Umarım öyle değildir!!!
Fakat bilhassa zengin insanlarla birlikte olduğumda, biliyorsunuz, eğer devlet başkanı gibi biriyle tanışırsam.. Biliyorsunuz, kitabınızda temizlik görevlisi olan bir yönetim kurulu başkanının hikâyesinden bahsediyorsunuz. Evet, işteyken bir temizlik görevlisiyle konuşabilirim. ‘O bir temizlik görevlisi’ diye hissederim ve kavgaya hazır olurum ama yönetim kurulu başkanı gelirken, “Ben kapıya bakarım” derim. Bundan dolayı, şu an’da nasıl kalabilirim? Egom o yöne doğru kayıyormuş gibi hissediyorum, burada olabilirim, iyi hissediyorum. Ama bahsettiğim o insanlarla olduğum zaman, yeniliyorum!
Kendimi sıradan, önemsiz hissediyorum! Odada bir karınca olabilseydim, olurdum!

Evet, tamam, teşekkür ederim.
Teşekkür ederim.

Bununla çok ilgili olan bir örneği “Yeni Bir Dünya” adlı kitabımda verdiğimi hatırlayabilirsiniz: Zen manastırı başrahibi, valiyi bekliyordu. Vali bir seremoniye yetişecekti. Manastır başrahibi, manastırda valiyi beklerken el avuç içlerinin terli olduğunun farkına vardı. Dolayısıyla, çok fazla öz-farkındalığı vardı ve o, bunu farketti. Bir sonraki gün, en kutsal rahiplerinden birine gitti ve: “Başrahiplik görevimden istifa ediyorum, daha fazla yapmam gerekeniş var” dedi ve başka bir mastırı yapmak için birkaç yıllığına başka bir manastıra gitti.

Daha sonra manastıra geri döndü ve bu böyle sonlandı. Böylece, tabii ki farkına vardığı şey, Mutlak Varlık’la yeteri kadar derin bir şekilde bağlantıda olmamasıydı! Dünyanın gözü önünde önemli olan birinin orada bulunmasından heyecanlanıyordu!
Ve bu da ona, Mutlak Varlık’la yeteri kadar derin bir şekilde bağlantıda olmadığını gösterdi!

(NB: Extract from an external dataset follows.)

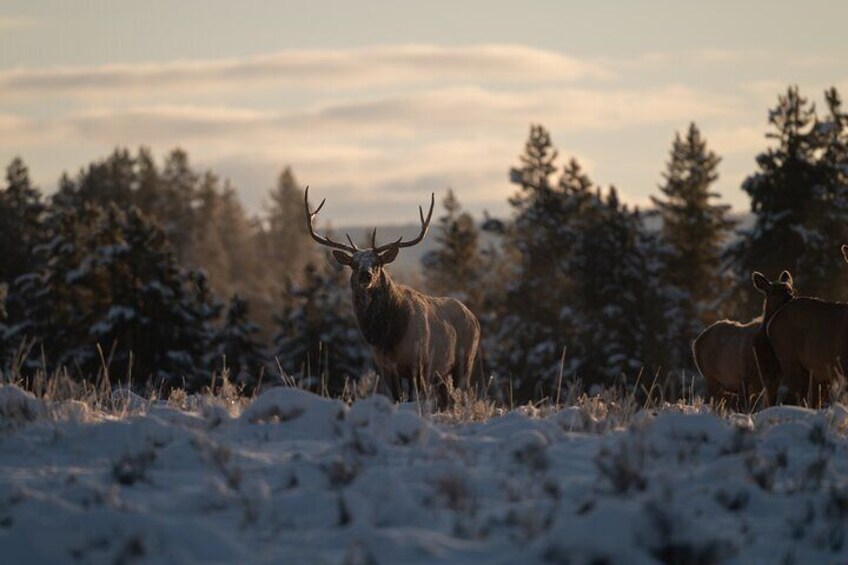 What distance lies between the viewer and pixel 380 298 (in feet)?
51.1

Senin tarif ettiğin aynı şeyleri, benzer deneyimleri zaman zaman Avrupa’da insanlarla tanıştığımda, 20’li yaşlarımda yaşadım. Mesela, genç bir adama tanıtıldım. Bana “O, eski Alman imparatorunun torununun oğlu” dediler. “Ooo” dedim! Büyük büyükbabasının arkasında bıraktığı ‘köpeği’ hatırlamadım ama onun bir sarayda yaşarken, büyürkenki imajı aklıma geldi. Kendimin ailemle tek yatak odalı bir dairede büyüdüğümü biliyorum. O yüzden, kendimi ondan küçük görmüştüm!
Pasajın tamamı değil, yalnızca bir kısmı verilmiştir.